Skip to content

Webhook certificates validation fails #1512

@maanur

Description

@maanur

/kind bug

What steps did you take and what happened:
I installed the latest version of Katib by cloning the repo's master tree and running make deploy against aour OpenShift 4.6.21 cluster.
Then I applied random-example.yaml.
Created experiment remains in Running condition, Trial's pods are not updated with sidecar containers, `deployment/katib-controller' shows logs with following lines:

2021/04/07 14:57:53 http: TLS handshake error from 10.254.2.1:47974: remote error: tls: bad certificate
2021/04/07 14:57:53 http: TLS handshake error from 10.254.2.1:47972: remote error: tls: bad certificate

What did you expect to happen:
Webhook certificates are valid, Trial's pods are injected with metric-gathering sidecars, Experiment successfully gathers metrics and progresses as it should.

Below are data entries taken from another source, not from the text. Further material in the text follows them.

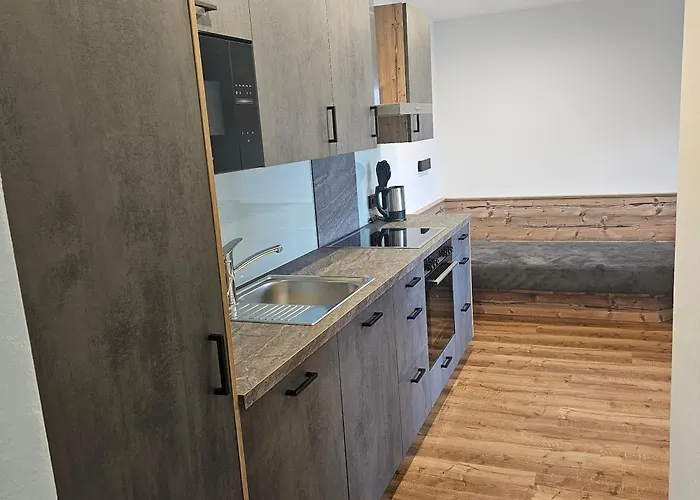 アパート Appartementhaus Eisbauer *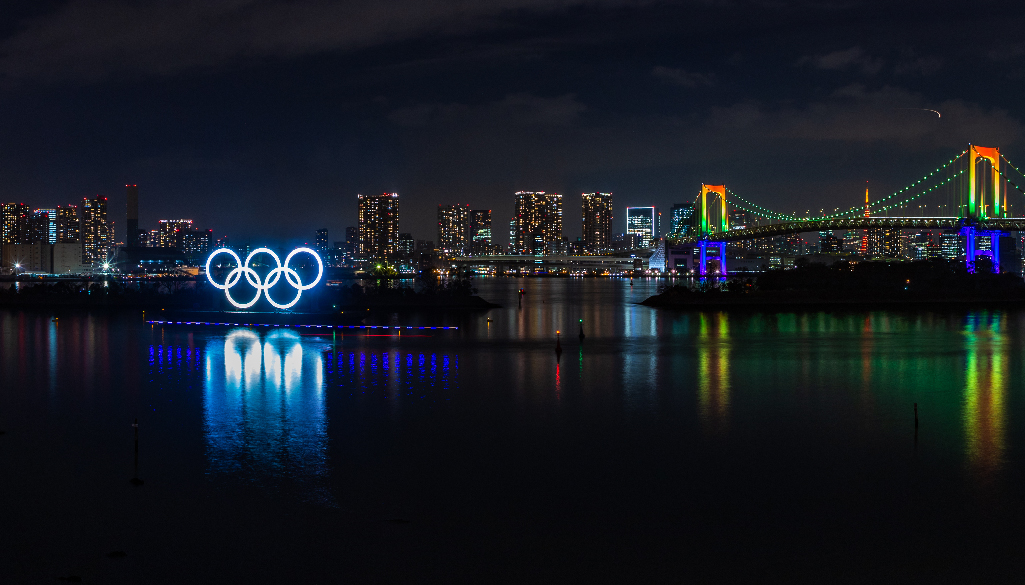 Olympics 2020 blog banner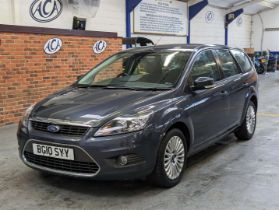 2010 FORD FOCUS TITANIUM TD 136 A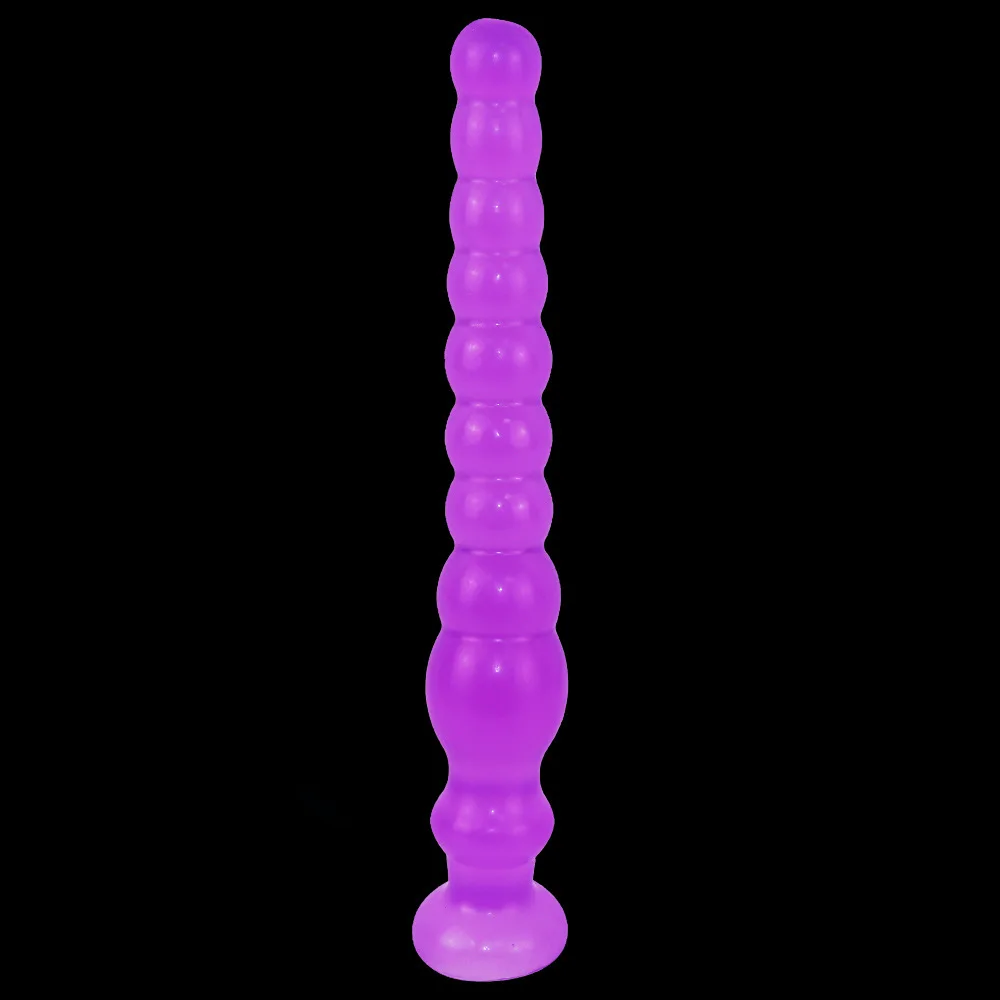 Anal plug jelly stick imitatie fallus seksspeeltje man_voghion.com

Anything else you would like to add:
As a result of job/katib-cert-generator WebhookConfiguration's .webhooks[].clientConfig.caBundle are updated with ca.crt from katib-cert-generator-token secret, assigned for the SA katib-cert-generator.
According to documentation on CSR, ServiceAccount's ca.crt are not guaranteed to verify arbitrary client certificates:

None of these usages are related to ServiceAccount token secrets .data[ca.crt] in any way. That CA bundle is only guaranteed to verify a connection to the API server using the default service (kubernetes.default.svc).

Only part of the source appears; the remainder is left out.